Banach Spaces, Normed Vector Space

Normed Vector Space

A normed vector space, also called a normed linear space, is a real vector space S with a norm function denoted |x|. The norm has the following properties.

  1. The norm maps S into the nonnegative reals.

  2. The norm of x is 0 iff x = 0.

  3. For any real number c, |cx| = |c|×|x|.

  4. |x+y| ≤ |x|+|y|.

Sometimes the norm is derived from a dot product, but it need not be.

Turning the Norm into a Metric

Let the distance d(x,y) be the norm of x-y. Since x-y is -1 times y-x, property 3 above tells us this is well defined.

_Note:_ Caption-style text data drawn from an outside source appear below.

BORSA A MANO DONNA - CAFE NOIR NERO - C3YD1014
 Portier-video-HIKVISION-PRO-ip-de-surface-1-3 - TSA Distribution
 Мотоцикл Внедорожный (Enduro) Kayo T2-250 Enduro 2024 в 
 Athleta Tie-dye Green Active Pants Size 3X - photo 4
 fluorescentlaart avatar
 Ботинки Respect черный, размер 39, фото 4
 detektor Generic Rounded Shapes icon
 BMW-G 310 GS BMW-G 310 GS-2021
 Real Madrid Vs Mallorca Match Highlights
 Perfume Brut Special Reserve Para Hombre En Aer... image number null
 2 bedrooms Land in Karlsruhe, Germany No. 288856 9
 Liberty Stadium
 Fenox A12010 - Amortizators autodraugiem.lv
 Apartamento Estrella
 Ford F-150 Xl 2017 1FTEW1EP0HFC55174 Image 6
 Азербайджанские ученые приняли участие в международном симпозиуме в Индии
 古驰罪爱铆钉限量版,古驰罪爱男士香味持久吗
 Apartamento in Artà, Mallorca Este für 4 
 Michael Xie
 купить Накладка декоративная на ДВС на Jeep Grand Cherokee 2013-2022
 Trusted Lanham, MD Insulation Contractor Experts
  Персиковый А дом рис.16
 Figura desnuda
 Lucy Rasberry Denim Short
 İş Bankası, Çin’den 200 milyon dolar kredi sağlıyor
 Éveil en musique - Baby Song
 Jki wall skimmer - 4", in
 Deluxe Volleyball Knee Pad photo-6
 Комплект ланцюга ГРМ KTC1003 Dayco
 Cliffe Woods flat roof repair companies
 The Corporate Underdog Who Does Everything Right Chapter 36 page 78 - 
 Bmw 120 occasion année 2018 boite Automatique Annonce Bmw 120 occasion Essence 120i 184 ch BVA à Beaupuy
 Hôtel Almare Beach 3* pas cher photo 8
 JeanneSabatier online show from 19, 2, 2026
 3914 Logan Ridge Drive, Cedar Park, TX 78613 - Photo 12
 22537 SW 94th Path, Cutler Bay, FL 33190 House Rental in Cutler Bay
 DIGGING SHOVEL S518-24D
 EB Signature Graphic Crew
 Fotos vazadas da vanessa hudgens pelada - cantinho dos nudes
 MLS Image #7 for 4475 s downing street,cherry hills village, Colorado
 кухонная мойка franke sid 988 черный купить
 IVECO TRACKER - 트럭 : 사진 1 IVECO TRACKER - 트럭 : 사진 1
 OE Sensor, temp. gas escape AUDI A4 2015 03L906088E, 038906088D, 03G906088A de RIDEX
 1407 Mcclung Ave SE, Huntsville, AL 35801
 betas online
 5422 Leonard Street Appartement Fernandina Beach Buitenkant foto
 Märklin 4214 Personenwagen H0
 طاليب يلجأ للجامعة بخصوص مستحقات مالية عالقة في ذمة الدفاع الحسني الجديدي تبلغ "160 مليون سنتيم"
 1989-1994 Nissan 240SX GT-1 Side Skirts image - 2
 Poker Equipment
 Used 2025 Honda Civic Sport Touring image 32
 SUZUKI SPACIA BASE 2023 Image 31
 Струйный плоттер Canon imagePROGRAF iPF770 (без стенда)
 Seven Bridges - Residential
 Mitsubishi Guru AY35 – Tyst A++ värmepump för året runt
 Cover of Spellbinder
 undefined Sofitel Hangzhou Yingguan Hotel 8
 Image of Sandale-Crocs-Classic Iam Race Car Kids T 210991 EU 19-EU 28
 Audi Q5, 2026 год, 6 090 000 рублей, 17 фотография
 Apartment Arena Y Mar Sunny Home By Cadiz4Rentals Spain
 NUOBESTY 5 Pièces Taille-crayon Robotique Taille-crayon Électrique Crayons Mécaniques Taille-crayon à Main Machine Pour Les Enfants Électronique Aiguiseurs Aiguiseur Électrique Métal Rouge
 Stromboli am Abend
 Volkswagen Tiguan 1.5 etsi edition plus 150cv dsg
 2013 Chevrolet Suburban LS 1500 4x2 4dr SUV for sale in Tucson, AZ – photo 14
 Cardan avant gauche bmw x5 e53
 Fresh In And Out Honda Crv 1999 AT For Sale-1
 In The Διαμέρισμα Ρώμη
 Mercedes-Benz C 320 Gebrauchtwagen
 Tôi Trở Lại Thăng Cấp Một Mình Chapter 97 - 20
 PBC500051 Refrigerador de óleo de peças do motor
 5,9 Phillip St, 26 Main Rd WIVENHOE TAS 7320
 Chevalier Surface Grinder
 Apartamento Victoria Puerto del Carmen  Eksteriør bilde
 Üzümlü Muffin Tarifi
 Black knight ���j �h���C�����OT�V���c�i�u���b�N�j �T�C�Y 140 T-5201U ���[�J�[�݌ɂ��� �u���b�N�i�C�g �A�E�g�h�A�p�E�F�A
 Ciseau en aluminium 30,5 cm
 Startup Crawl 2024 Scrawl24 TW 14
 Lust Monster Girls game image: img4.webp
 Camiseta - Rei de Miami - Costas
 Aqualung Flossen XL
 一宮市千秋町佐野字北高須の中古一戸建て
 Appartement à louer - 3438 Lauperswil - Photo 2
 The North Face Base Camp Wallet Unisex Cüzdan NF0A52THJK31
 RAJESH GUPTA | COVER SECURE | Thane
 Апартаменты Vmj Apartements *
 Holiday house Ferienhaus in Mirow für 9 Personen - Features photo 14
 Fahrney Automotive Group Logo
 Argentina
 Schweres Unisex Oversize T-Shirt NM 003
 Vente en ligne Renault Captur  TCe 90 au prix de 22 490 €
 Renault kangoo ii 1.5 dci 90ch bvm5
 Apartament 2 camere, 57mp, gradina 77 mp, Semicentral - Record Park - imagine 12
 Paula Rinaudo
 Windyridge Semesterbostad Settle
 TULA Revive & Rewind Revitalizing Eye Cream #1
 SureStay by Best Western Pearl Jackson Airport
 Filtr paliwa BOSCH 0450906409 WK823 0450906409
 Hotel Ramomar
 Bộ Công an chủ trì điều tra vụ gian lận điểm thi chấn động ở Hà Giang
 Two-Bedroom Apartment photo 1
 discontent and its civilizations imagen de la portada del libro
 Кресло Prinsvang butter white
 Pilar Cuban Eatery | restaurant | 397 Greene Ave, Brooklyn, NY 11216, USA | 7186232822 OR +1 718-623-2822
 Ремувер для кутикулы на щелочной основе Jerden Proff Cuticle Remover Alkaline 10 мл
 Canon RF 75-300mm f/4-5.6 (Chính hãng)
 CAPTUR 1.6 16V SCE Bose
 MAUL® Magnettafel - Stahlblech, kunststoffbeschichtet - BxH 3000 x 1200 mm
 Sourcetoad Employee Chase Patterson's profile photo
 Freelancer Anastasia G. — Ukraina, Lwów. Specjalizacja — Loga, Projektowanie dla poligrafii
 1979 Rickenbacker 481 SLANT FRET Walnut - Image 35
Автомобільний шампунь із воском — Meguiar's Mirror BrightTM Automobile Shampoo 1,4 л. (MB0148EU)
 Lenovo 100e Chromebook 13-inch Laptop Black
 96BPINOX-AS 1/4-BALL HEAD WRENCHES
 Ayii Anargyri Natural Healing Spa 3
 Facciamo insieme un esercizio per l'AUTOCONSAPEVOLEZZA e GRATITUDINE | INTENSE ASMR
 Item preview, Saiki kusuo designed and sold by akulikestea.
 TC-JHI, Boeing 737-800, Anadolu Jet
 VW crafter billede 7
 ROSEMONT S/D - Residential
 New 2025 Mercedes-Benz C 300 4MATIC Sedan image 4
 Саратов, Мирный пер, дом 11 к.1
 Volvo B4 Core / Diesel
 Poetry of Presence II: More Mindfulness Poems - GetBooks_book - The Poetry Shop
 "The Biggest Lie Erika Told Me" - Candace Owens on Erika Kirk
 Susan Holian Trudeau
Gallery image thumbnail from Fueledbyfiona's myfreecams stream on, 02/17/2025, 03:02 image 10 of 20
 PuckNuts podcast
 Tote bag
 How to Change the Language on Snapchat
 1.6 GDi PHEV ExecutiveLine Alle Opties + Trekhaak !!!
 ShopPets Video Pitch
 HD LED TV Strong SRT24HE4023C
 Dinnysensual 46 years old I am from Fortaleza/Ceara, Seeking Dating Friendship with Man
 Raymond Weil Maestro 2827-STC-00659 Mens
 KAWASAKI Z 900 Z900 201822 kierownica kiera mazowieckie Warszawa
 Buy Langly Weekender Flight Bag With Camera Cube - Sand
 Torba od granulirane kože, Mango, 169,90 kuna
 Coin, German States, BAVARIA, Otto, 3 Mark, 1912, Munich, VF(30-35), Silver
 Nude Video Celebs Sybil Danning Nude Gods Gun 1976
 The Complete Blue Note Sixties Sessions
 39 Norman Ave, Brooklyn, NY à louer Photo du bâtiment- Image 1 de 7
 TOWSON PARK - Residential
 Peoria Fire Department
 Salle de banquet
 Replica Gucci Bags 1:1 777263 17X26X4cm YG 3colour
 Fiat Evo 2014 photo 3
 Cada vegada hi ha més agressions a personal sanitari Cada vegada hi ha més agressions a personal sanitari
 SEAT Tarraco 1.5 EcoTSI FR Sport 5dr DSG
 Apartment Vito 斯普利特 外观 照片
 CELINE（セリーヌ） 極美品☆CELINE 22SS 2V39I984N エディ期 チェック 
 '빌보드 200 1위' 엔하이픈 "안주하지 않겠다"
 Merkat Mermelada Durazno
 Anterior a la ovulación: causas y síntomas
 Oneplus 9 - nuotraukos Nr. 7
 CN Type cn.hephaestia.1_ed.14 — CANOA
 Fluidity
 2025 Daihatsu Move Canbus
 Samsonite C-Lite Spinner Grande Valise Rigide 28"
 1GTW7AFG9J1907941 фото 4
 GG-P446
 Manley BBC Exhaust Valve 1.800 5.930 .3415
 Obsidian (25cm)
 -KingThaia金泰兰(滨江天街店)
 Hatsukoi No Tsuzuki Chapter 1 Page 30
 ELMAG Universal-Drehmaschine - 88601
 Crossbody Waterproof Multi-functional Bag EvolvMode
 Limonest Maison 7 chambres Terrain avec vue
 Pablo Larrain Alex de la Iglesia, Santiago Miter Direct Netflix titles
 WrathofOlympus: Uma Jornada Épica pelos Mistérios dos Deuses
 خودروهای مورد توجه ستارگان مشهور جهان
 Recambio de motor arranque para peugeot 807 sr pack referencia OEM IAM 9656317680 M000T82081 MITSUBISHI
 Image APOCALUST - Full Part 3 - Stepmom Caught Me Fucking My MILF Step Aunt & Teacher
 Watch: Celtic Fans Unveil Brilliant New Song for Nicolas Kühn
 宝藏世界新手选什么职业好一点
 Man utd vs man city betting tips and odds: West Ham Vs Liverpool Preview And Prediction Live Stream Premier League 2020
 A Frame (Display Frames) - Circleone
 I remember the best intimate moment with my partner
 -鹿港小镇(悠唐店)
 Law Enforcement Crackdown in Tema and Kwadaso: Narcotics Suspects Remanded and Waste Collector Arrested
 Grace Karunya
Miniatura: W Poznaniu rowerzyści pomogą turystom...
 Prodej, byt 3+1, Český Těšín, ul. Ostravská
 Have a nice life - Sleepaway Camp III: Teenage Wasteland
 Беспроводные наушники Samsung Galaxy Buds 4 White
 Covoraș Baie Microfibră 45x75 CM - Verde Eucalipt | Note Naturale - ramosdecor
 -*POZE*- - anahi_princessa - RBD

By property 2, d(x,y) = 0 iff x = y.

Let a triangle have vertices z, z+x, and z+x+y. Subtract z and apply property 4. This establishes the triangular inequality. Thus d becomes a distance metric, and S is a metric space, with the open ball topology.

Banach Space

A banach space is a normed vector space that forms a complete metric space. Every cauchy sequence in S converges to a limit point in S.

Continuous Module

Let u and v be points in S, and put a ball of radius ε around u+v. Points within ½ε of u, plus points within ½ε of v, wind up within ε of u+v. Plus is a continuous operator, and it turns S into a continuous group.

How about scaling by c? Keep points within ε/c of u, and the image is within ε of cu. (Treat c = 0 as a special case.) Thus scaling by c is a continuous function from R cross S into S, and S is a continuous R module.

Equivalent Norms

Two norms f(S) and g(S) are equivalent if there are positive constants b and c such that bf ≤ g ≤ cf.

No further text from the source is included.